At a glance.
- Alleged administrator of top cybercrime forum arrested.
- Suspected Chinese cyberespionage campaign targets hypervisors.
- US cracks down on North Korean IT worker fraud.
- Mitel patches critical flaw.
Alleged administrator of top cybercrime forum arrested.
Ukrainian police have arrested the suspected administrator of the Russian-language cybercrime forum XSS[.]is, the Record reports. The individual was arrested in Kyiv earlier this month with the assistance of Europol and French authorities. XSS[.]is has been operational since 2013, offering a wide range of criminal services.
Europol said in a statement, "The forum’s administrator was not only a technical operator but is believed to have played a central role in enabling criminal activity. Acting as a trusted third party, he arbitrated disputes between criminals and guaranteed the security of transactions. He is also believed to have run thesecure.biz, a private messaging service tailored to the needs of the cybercriminal underground. Through these services, the suspect is thought to have made over EUR 7 million in advertising and facilitation fees. Investigators believe he has been active in the cybercrime ecosystem for nearly two decades, and maintained close ties to several major threat actors over the years."

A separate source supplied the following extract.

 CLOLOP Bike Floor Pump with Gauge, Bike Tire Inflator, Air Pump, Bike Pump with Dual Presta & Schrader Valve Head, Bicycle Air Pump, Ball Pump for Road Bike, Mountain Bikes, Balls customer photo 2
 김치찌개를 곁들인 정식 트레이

Suspected Chinese cyberespionage campaign targets hypervisors.
Sygnia has published a report on a cyberespionage actor dubbed "Fire Ant" that's targeting VMware ESXi, vCenter, and network appliances for "initial access, lateral movement, and long-term persistence." Sygnia observed the threat actor using the following approach:
- "vCenter Initial Compromise: They exploited CVE-2023-34048 to achieve unauthenticated remote code execution on vCenter, gaining control over the virtualization management layer.
- "Lateral Movement to ESXi hosts and Persistence: From vCenter, they extracted the ‘vpxuser’ service account credentials and used them to access connected ESXi hosts. They deployed multiple persistent backdoors on both ESXi hosts and the vCenter to maintain access across reboots.
- "Guest VM Access and Exploitation: With control over the hypervisor, the attacker interacted directly with guest virtual machines. They manipulated VMX processes and used CVE-2023-20867 to execute commands via PowerCLI without in-guest credentials, tampered with security tools, and extracted credentials from memory snapshots, including domain controllers."
While Sygnia refrains from conclusive attribution, the researchers note that the TTPs "strongly align" with previous activity by the China-nexus threat actor UNC3886. Singapore's OT-ISAC warned this week that UNC3886 was exploiting zero-days in Fortinet, VMware, and Juniper products in order to infiltrate the country's critical infrastructure. Sygnia told the Record that the campaign observed by Singapore "definitely correlate[s]" with Sygnia's research on Fire Ant.
US cracks down on North Korean IT worker fraud.
The US Treasury Department has sanctioned a North Korean company and three North Korean individuals for their alleged roles in supporting Pyongyang's fraudulent IT worker schemes, BleepingComputer reports. Treasury says the sanctioned firm, Korea Sobaeksu Trading Company, "is a DPRK-based trading company that operates as a front company for the U.S.-designated Munitions Industry Department, which oversees the DPRK’s nuclear program and is involved in the development of ballistic missiles."
The US Justice Department also sentenced a 50-year-old Arizona woman to eight years in prison for helping North Korean IT workers obtain remote positions at over 300 US companies, generating more than $17 million in revenue. The DOJ says Christina Marie Chapman "operated a 'laptop farm' where she received and hosted computers from the US companies in her home, so that the companies would believe the workers were in the United States."
The FBI issued guidance on Wednesday to help companies avoid falling for these schemes.
Mitel patches critical flaw.
Mitel has issued a patch for a critical authentication bypass flaw affecting its MiVoice MX-ONE enterprise communications platform, SecurityWeek reports. The vulnerability, which was assigned a CVSS score of 9.4, could "allow an attacker to gain unauthorized access to user or admin accounts in the system." Users are urged to apply patches as soon as possible. Mitel has also outlined mitigations for users who are unable to patch immediately.